Geh hin, verkaufe alles, was du hast, und gib's den Armen, so
wirst du einen Schatz im Himmel haben, und komm, folge mir nach! 22 Er aber
wurde betrübt über das Wort und ging traurig davon; denn er
hatte viele Güter. 23 Und Jesus
sah um sich und sprach zu seinen Jüngern: Wie schwer werden die
Reichen in das Reich Gottes kommen! 24 Die Jünger
aber entsetzten sich über seine Worte. Aber Jesus antwortete
wiederum und sprach zu ihnen: Liebe Kinder, wie schwer ist's, ins
Reich Gottes zu kommen! 25 Es ist
leichter, dass ein Kamel durch ein Nadelöhr gehe, als dass ein
Reicher ins Reich Gottes komme. 26 Sie
entsetzten sich aber noch viel mehr und sprachen untereinander:
Wer kann dann selig werden?
27 Jesus sah
sie an und sprach: Bei den Menschen ist's unmöglich, aber nicht
bei Gott; denn alle Dinge sind möglich bei Gott.
Liebe Gemeinde,
ein Mann kommt zu Jesus. Wir erfahren
nicht, ob er jung oder alt ist. Reich ist er, das stellt sich
bald heraus. Und er gehört offensichtlich zu den Menschen, die
in ihrem Leben alles richtig machen wollen. Da wird nichts dem
Zufall überlassen. Ein Mensch, der alles richtig machen will,
weiß, dass er handeln muss. Etwas tun, Verantwortung annehmen,
das Leben gestalten. Es soll doch gelingen.
Jener Mann in unserem Predigttext hat
zudem schon begriffen, dass es dabei nicht ausreicht, nur an
dieses Leben zu denken. Er hat die Ewigkeit im Blick. Er sucht
Bleibendes. Was will man mehr? Solche Leute brauchen wir in
dieser Welt. Leute, die mehr wollen, als schon da ist. Die hier
ihr Leben in die Hand nehmen und nicht vergessen, dass es nicht
nur um immer mehr geht, sondern am Ende ums Ganze: Ewiges Leben,
Bleiben bei Gott.
Das ist ja nur konsequent für
einen Menschen, der alles richtig machen will. Es geht dann ja
tatsächlich immer um alles, um das Vollkommene schlechthin. Das
kann dieses Leben, wie wir es hier erleben, allein nie gewesen
sein. Also bleibt ein Rest, für den auch noch gesorgt werden
muss.

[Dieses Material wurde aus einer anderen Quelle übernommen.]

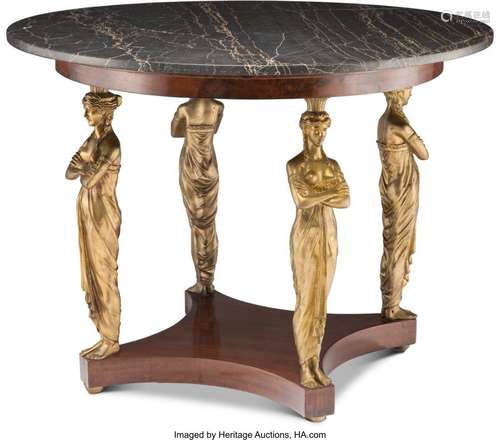 An Empire-Style Gilt Bronze-Mounted Mahogany Side Table with...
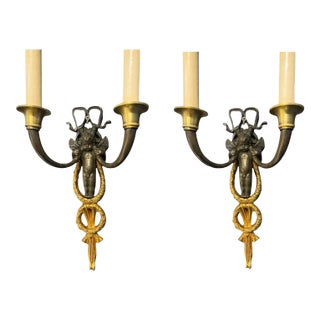 19th Century Cherubs Empire Sconces - a Pair For Sale
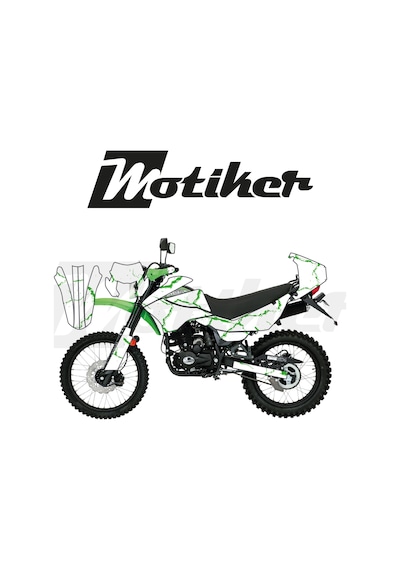Mondial 2022-2026 Model X-treme Max 200i Beyaz Zemin Üstüne Yeşil Şimşek Tasarımı Sticker Etiket Modeli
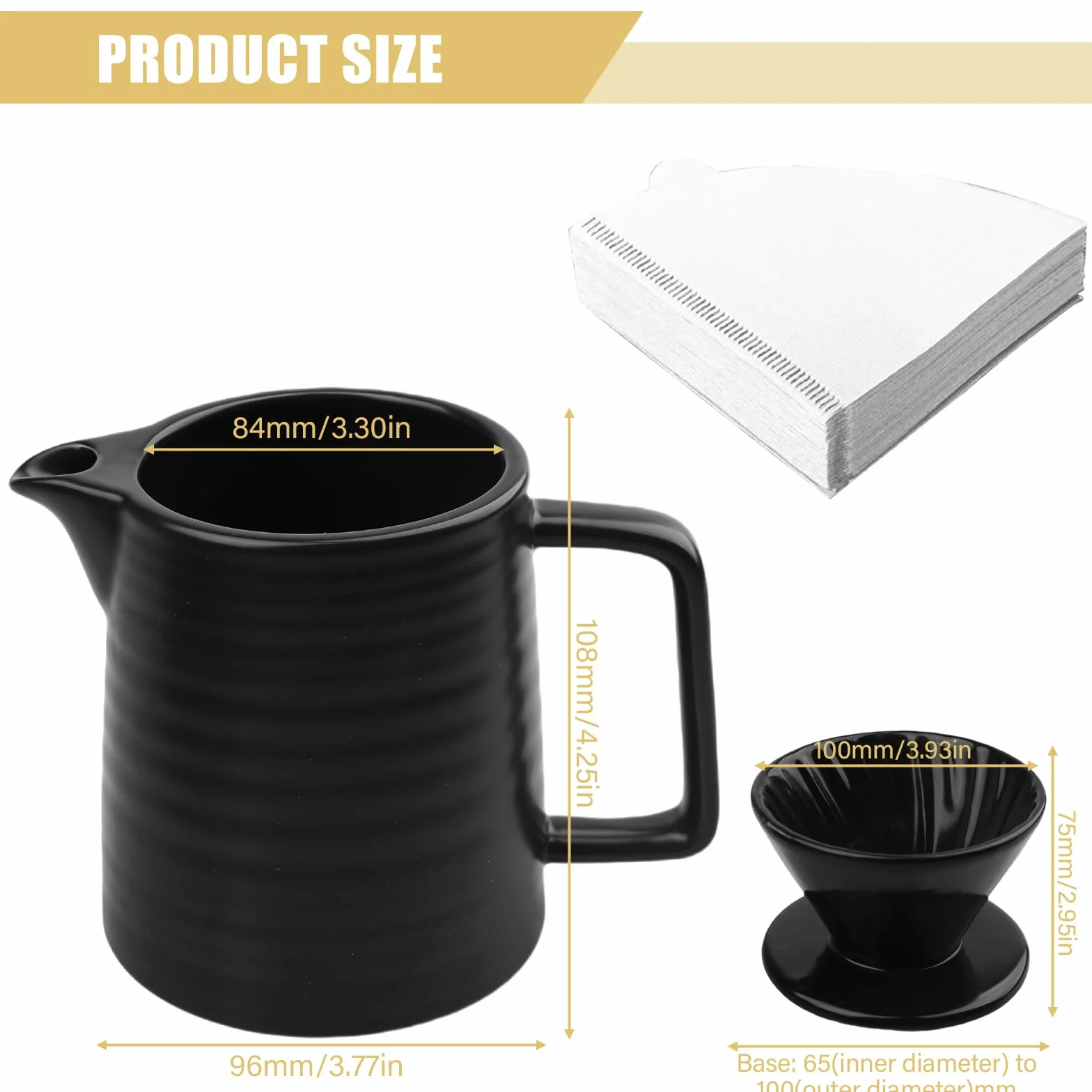 Leikurvo Dla Over ekspres do kawy z tłokiem, 450 ml, porcelanowy filtr do kawy z kubkiem i 100 filtrami papierowymi, ceramiczna kropla do kawy, ręczny ekspres do kawy, do domu, biura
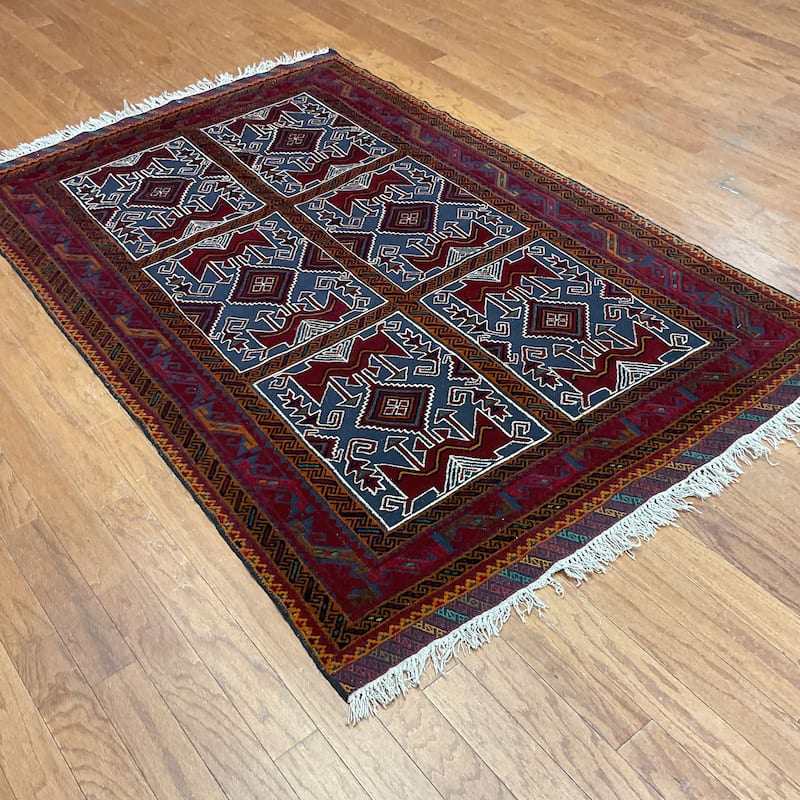 HERAT ORIENTAL Handmade Balouchi Wool Rug - 4'2" x 6'4"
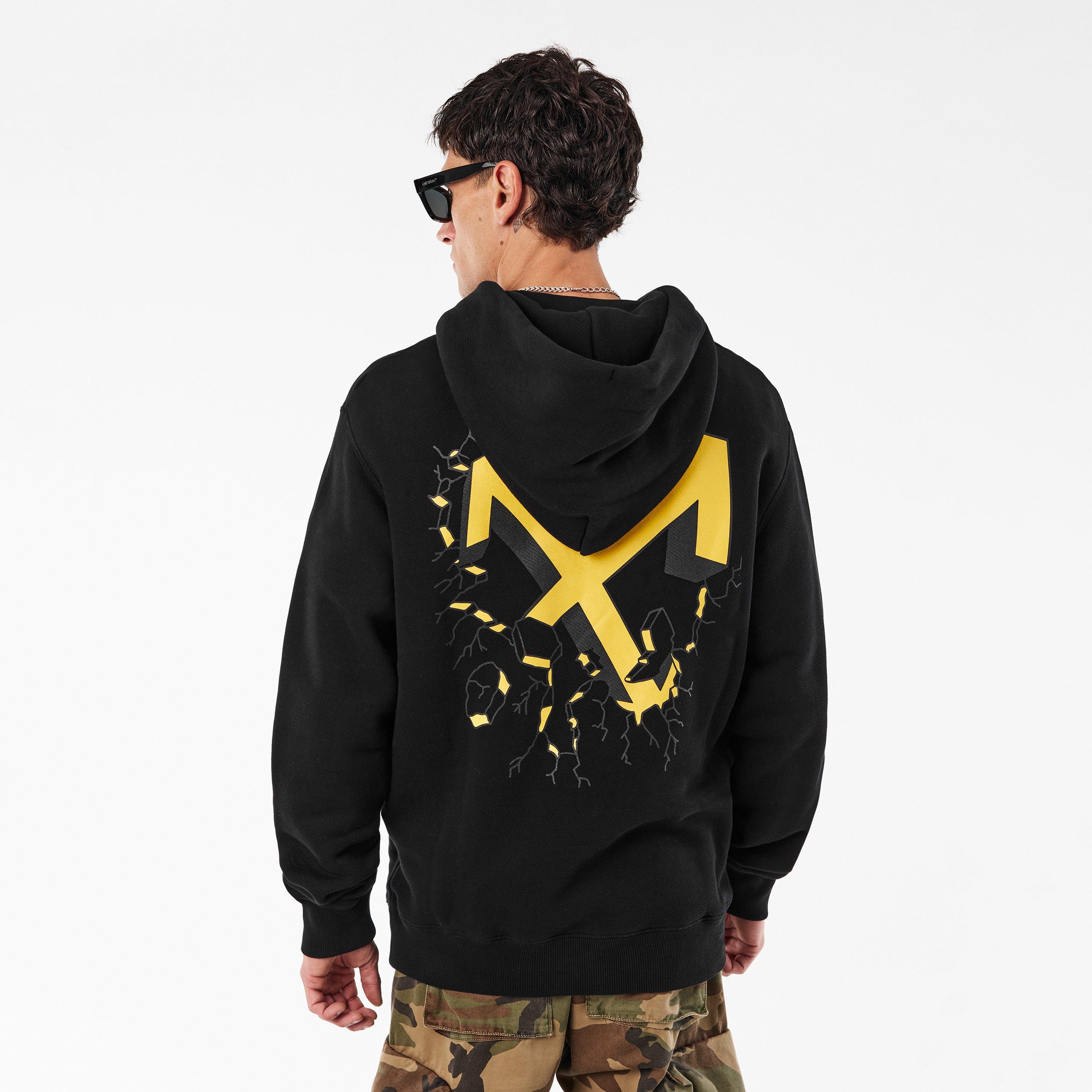 Black/Yellow - Off White - Men's Ctn Slim Hoodie, Cartoon Arrows Design - 4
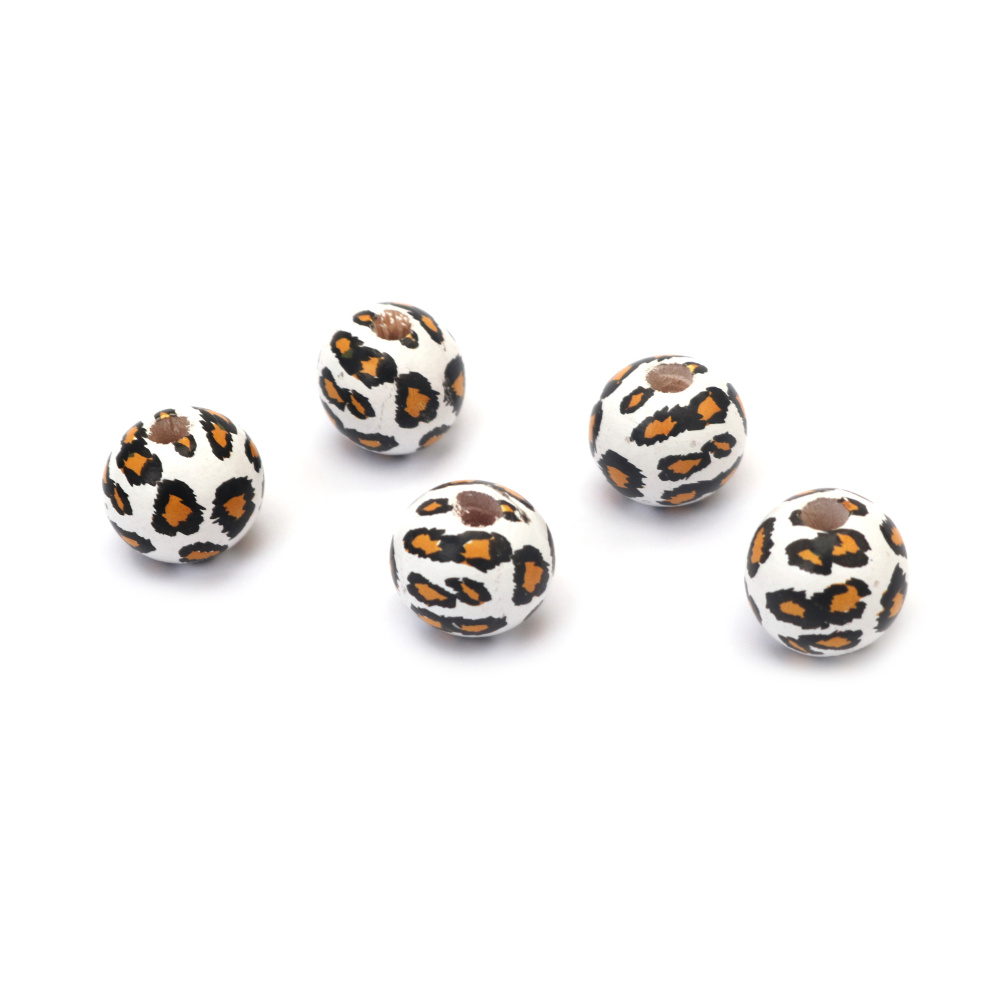 Round Wooden Bead with Leopard Motif 15x16 mm, Hole: 4 mm, White with Orange - 10 pieces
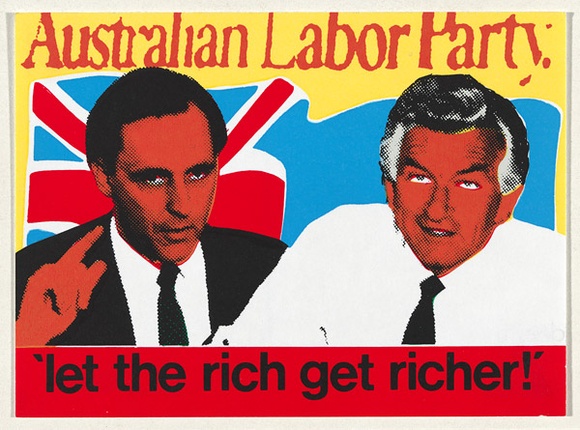 Artist: b'Robertson, Toni.' | Title: b'Postcard: Let the rich get richer (Australian labor party)' | Technique: b'screenprint, printed in colour, from multiple stencils' | Copyright: b'\xc2\xa9 Toni Robertson' Artist: b'Robertson, Toni.' | Title: b'Postcard: Let the rich get richer (Australian labor party)' | Technique: b'screenprint, printed in colour, from multiple stencils' | Copyright: b'\xc2\xa9 Toni Robertson'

Für den auch noch etwas getan werden muss, wenn man alles
richtig machen will. Guter Meister, was muss ich tun, um
das ewige Leben zu bekommen?
Wer so fragt, geht davon aus, dass man
dafür etwas tun kann. Dass es ein Rezept gibt, eine
Handlungsanweisung. Man nehme. Und beachte alles peinlich und
genau und gebe sich alle Mühe und am Ende bekommt man,
was man wollte.
Guter Meister
Der, der allein in dieser Sache
die richtige Auskunft geben kann, ist schon ausgemacht: Jesus von
Nazareth, Sohn Gottes, Spezialist in dieser Frage nach dem
großen Ganzen.
Guter Meister, was muss ich tun? Fürs
bleibende, unvergängliche, bei Gott geltende Leben? Für die 100
Prozent? Der Fachmann antwortet und irritiert zunächst mit einer
Demontage seiner eigenen Autorität: Was nennst du mich gut!?
So fragt er zurück. Gott allein ist gut zu nennen!
Das erste Mal in diesem Dialog wird ein Abstand festgeklopft.
Hier sprechen zwei Menschen miteinander. Und obwohl der eine mehr
ist als das, will er den Unterschied markieren: Gut bist weder du,
noch ich. Kein Mensch. Gott allein verdient es, so genannt zu
werden.
Das muss einen Menschen, der immer alles
gut und richtig machen möchte, schon etwas verunsichern.
Umso freudiger wird er vernommen haben,
was nun folgt: Eine Zusammenfassung der Gebote, von denen er sein
Leben bestimmen lassen soll. Als würde jener Mann, dem so daran
liegt, es genau zu nehmen, sie nicht kennen, zählt Jesus sie ihm
auf. Und nimmt nur die Gebote, die das Zwischenmenschliche
betreffen. Die Gebote des Verhältnisses zu Gott, die ersten vier,
bleiben ungenannt. Zufall oder Absicht?
Jetzt ist der (gute) Mann in seinem Element: Die habe ich
alle gehalten!. Um sicher zu gehen, richtig verstanden zu
werden, ergänzt er: Nicht erst seit gestern. Oder seit heute
Morgen. Nein, von meiner Jugend an. Schon immer.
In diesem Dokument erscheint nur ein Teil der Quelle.